Two folks I know have gone on to work at Oculus V.R. (OVR), so I know it’s building momentum. I was surprised to find that John Carmack not only was named the CTO, but has actually left id to work at OVR. They now have a Dallas office :-) . So John is a force in the industry, and he’s just the kind of guy VR/AR needs to try to put this stuff into the hands of the consumer. I played around with the older VR/AR HMDs a long time ago, and while the actual experience wasn’t that great (I don’t get motion sickness), the lag and the low resolution were the real killers of the tech back then.

O.R. has the latency pretty much whipped, and when they come out with their Gen2/3 HMD which will need better resolution (already here – just pick up any good smartphone), wireless connectivity (also any smartphone), it will be on the road to becoming a must-have product, at least for the tech savvy.

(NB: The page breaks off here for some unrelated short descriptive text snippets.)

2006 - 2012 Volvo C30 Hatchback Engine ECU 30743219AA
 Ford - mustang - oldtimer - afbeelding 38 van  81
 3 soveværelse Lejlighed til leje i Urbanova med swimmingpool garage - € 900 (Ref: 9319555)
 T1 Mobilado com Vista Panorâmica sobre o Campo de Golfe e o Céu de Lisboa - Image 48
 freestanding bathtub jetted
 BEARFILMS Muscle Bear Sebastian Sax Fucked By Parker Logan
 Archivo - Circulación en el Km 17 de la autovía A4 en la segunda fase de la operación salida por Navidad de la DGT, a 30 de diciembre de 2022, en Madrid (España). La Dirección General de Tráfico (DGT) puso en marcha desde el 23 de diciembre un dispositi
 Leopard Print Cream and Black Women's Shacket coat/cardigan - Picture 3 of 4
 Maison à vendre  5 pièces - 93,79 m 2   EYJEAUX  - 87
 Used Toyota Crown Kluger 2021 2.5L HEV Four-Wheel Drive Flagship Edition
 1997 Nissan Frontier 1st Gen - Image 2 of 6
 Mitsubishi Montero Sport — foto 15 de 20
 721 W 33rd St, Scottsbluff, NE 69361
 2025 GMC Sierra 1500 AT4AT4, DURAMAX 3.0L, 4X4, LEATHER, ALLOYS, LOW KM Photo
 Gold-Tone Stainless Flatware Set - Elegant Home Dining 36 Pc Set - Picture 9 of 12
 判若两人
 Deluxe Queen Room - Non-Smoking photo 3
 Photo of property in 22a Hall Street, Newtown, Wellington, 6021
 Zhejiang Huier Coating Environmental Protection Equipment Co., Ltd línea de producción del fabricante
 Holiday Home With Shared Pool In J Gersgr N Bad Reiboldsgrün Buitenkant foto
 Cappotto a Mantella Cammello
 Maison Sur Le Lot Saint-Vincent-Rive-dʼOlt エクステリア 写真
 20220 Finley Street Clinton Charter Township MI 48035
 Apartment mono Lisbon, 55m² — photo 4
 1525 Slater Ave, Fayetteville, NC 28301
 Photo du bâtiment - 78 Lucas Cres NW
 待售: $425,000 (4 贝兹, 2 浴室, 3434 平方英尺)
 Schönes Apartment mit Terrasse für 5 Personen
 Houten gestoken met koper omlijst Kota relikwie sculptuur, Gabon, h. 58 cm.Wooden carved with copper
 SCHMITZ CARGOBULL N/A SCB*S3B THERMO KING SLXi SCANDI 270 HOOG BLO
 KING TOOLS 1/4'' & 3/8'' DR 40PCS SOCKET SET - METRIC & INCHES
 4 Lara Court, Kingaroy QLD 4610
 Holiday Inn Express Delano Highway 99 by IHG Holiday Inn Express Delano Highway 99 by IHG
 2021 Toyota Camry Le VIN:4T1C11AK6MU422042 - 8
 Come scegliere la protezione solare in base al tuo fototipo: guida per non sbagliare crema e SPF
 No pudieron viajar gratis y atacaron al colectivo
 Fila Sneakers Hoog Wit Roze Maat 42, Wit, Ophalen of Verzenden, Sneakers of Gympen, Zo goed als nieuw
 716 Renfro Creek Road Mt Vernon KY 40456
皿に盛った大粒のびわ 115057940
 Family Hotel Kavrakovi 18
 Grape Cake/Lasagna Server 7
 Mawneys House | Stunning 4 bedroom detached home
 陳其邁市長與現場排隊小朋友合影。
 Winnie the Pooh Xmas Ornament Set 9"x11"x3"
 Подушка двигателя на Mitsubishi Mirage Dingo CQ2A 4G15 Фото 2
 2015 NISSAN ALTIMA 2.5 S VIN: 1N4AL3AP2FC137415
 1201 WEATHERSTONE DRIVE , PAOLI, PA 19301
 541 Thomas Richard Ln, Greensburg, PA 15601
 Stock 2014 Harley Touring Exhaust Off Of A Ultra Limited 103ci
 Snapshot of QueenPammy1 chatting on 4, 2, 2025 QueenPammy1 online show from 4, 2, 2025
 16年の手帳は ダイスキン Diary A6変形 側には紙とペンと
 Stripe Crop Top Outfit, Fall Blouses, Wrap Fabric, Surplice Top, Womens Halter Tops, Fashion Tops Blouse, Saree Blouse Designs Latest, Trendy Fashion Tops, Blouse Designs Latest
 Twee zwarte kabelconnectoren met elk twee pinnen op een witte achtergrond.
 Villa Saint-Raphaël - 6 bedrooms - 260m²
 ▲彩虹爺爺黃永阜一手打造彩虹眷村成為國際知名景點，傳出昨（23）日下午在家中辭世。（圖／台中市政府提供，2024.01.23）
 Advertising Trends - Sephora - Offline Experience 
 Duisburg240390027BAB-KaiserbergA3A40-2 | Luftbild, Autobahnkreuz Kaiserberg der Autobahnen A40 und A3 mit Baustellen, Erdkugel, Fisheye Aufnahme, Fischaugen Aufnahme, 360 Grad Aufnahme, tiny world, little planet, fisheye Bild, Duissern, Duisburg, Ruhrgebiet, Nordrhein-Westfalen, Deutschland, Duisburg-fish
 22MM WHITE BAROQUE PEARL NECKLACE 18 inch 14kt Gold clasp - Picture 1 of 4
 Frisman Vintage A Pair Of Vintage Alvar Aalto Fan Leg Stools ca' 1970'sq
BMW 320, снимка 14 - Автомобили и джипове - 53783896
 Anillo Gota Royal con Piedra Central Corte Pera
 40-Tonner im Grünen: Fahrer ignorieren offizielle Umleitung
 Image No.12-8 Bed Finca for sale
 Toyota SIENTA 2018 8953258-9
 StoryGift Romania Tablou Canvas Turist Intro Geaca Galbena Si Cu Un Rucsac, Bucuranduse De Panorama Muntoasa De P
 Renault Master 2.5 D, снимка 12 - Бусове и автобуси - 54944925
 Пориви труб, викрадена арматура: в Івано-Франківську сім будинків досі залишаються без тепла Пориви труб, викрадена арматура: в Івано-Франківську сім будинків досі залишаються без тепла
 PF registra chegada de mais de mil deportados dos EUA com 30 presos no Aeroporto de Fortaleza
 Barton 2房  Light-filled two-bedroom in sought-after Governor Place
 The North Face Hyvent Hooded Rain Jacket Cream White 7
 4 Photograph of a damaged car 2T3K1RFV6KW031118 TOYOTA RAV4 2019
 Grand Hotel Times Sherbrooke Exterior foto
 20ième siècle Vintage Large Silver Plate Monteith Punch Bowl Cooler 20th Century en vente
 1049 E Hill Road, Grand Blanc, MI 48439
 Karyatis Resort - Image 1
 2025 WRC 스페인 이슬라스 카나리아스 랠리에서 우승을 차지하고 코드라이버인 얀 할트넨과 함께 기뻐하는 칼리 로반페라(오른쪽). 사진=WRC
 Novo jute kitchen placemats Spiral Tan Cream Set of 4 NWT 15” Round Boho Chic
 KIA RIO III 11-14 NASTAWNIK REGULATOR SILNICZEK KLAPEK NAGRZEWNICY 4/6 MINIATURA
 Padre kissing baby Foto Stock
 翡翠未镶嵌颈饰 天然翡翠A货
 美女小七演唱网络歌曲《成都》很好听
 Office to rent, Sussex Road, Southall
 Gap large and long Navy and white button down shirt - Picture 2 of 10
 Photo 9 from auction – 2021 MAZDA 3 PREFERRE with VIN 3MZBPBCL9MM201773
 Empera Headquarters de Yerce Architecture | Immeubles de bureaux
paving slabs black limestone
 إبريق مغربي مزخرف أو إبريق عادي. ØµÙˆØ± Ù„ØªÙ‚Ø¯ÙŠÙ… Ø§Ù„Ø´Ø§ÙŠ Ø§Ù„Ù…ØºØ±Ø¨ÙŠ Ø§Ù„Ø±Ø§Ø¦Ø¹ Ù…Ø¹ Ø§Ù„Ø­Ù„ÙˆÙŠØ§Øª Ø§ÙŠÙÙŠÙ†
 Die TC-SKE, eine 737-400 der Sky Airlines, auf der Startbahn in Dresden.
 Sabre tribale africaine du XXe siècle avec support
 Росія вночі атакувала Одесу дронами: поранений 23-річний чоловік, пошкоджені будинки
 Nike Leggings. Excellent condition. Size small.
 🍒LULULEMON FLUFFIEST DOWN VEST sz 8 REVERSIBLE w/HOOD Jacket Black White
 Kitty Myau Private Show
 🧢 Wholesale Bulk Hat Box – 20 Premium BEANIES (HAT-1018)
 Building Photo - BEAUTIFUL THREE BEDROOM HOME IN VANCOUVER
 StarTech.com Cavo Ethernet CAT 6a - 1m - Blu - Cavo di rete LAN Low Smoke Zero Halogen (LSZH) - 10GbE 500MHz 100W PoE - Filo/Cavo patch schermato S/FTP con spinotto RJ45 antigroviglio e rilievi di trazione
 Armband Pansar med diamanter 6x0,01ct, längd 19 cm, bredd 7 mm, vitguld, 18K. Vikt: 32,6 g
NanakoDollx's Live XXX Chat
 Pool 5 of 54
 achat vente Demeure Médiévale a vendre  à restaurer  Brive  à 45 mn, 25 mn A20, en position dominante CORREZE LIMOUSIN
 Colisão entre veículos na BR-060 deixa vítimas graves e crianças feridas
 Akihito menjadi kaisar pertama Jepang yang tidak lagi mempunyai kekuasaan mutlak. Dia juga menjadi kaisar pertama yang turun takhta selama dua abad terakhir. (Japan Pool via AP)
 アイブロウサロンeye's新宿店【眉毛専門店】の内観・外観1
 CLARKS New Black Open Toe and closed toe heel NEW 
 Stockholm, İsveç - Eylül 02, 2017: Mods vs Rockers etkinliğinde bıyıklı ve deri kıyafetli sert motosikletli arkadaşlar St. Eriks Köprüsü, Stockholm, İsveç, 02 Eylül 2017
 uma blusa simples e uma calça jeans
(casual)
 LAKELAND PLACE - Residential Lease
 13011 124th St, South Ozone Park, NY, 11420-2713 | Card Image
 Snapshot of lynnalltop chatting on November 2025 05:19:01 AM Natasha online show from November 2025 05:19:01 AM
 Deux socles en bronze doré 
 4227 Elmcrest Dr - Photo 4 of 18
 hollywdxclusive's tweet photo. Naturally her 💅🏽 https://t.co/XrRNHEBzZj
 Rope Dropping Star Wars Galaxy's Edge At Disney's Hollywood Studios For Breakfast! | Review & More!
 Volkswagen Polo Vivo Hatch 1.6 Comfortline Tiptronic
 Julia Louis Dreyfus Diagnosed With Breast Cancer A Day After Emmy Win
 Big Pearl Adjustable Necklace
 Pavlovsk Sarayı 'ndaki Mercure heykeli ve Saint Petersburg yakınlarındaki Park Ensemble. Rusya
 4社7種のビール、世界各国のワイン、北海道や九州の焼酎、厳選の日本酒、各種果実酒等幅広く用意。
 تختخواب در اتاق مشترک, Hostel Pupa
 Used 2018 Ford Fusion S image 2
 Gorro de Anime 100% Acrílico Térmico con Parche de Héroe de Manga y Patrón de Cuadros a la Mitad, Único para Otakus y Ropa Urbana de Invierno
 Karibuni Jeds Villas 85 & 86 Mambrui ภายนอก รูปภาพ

We’ve got Google Glass, Technical Illusions castAR, the Oculus Rift, Sony’s HMZ-T3W, and whatever Valve is going to show at their Dev. Conf. in Jan. 2014, so I think there’s enough folks piling on the notion that AR/VR is almost here so that it may finally get some traction in the consumer space. Like most cutting edge tech., the game players will adopt it first, then everyone else will come around.  If you offload processing to any of the next-gen mobile platforms, you can wirelessly connect to the HMD via something like BLE while getting orientation information back,then you’ve really got something, since the offload platform will replace the user’s smart phone, it’s not going to be something extra they have to buy, it’s just going to be more capable version of something they already own.

It’s going to be awesome!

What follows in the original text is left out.